We had tapas, which were Spanish inspired. And got a sangria to wash it down. We deserved it. The food, view and company were lovely. It was a beautiful afternoon.
It took about 2 hours to get back to Ubud, where we went back to the cute villa I had found before leaving for Uluwatu. Biyukukung Suites & Spa is adorable. The rice fields are lush and vibrant, not like most I have seen here (although I know plenty of them exist). The rooms are clean, spacious and inviting.
Louise and I decided to room together until I leave for Legian on Wednesday – to save money and because it’s nice to have some familiarity. We make good roomies so it’s worked out great.
Once we got situated we headed to The Yoga Barn for class… but it was full. The downside of YB, even getting there 30 mins early.
So we went on a yoga seeking adventure and walked the 20 or so minuted to Radiantly Alive, another studio that was recommended to me by a friend back home. The space was beautiful. Since we were so early, we walked around, stopped at a coffee shop and made our way back to RA for a Restorative Yoga practice.
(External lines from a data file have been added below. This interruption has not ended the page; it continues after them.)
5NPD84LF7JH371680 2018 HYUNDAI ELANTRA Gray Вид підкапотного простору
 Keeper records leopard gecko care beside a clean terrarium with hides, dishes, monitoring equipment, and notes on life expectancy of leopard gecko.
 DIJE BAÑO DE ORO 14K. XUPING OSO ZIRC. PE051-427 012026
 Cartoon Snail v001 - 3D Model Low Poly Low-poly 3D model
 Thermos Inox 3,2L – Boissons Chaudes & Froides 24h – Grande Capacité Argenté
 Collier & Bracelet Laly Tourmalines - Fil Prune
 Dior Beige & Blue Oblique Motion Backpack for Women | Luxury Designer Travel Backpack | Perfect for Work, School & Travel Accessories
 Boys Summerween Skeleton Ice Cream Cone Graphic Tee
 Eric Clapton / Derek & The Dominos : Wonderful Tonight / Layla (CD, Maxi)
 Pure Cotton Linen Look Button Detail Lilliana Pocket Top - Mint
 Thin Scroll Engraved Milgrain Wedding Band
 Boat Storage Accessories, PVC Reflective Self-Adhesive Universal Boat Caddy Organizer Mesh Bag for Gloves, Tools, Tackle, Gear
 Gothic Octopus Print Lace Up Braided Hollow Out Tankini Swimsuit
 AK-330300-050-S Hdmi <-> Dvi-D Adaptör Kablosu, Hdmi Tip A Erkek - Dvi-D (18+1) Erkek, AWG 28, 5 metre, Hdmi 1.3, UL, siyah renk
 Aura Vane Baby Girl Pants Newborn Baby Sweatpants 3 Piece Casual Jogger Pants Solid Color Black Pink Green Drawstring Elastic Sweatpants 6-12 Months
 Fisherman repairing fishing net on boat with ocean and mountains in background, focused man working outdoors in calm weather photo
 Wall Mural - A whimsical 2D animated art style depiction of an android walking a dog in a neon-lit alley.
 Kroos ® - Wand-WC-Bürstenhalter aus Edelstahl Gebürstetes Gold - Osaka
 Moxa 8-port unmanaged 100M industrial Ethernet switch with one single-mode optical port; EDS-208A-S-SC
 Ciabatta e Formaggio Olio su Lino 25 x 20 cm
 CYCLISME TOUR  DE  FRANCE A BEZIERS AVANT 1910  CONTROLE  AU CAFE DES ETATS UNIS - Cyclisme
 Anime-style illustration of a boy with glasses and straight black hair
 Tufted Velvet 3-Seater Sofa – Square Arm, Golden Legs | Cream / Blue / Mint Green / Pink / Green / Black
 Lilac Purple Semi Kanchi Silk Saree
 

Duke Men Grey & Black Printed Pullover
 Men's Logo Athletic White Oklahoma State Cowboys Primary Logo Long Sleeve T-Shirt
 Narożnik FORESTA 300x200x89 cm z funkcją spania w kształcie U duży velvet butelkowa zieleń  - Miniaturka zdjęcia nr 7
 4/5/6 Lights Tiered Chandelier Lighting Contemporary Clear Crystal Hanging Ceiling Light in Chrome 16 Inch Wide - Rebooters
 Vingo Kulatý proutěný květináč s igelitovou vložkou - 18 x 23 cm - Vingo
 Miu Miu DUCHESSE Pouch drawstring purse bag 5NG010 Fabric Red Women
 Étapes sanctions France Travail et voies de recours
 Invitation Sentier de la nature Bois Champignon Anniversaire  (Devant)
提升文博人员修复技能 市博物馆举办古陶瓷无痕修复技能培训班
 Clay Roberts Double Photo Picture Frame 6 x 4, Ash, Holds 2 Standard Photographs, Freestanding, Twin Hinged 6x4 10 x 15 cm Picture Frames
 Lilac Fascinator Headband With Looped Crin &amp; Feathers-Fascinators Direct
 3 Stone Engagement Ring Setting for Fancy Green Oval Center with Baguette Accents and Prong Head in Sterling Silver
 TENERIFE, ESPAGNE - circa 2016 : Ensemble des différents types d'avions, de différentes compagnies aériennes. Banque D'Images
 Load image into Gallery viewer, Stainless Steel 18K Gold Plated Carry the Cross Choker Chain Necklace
Side note: Yoga is different here for many reasons. The biggest being: each class is 1.5-2 hours everywhere; the instructors don’t give adjustments or massage (my fave part); the music is very low or non-existent; most of the instructors are transplants from around the world and understanding their direction can be very tricky; there is no “hot” or “room temp” yoga – it’s all “humid as F&%#” and that’s just the way it goes. I prefer Western yoga and although I absolutely LOVE experiencing new things, the styles here don’t leave me feeling stretched, worked or ALIVE. Can’t wait to get back to my studio and detox my entire being, leaving it all on my mat.
It was really hard to hear the instructor, despite being in the front row. There was no music, but the long held poses (on the floor) were a great way to release my anxiety of the previous days experiences.
We found our way through back alleys to hands down one of my favorite places we’ve been thus far. An adorable hippie cafe called SOMA. There were people playing live music, laughter filled the open-air restaurant (as most of them do), trees shooting out of the ground within the cafe, dreadlocks and plenty of B.O. (not my fave part, but such is Bali).
I ordered a veggie wrap with a side salad and a lovely warm drink of coconut milk, date, cinnamon & nutmeg. As we finished our meal, the rains begin. Rain here is DOWNPOUR, at least in my experience. Not San Diego rain… Seattle rain.
But we figured this was just how it was going to be and what better way to handle the situation then to embrace it!
On our way home, we got drenched. So I suggested that we jump in our pool in our wet clothes and have a night swim to cleanse the stress we’d been feeling. It worked. And it was so much fun!
By the time we got inside, it was nearly 10pm. Time for a hot shower and warm bed (plus AC, because that’s necessary).
Sunday was amazing. It made up for Saturdays shenanigans in more ways than one and in retrospect, I feel silly to have had such a moment of panic, trying to get home faster.
I am here for a reason. Whatever that is, I am sure it will come. Until then, I have to trust that I booked this trip because I am supposed to be here. And I know that I can withstand anything that comes my way.
So I am embracing the discomfort and giving thanks to the Universe for supporting me.
Rain or shine, this experience will be whatever I make of it. And I choose that it be beautiful.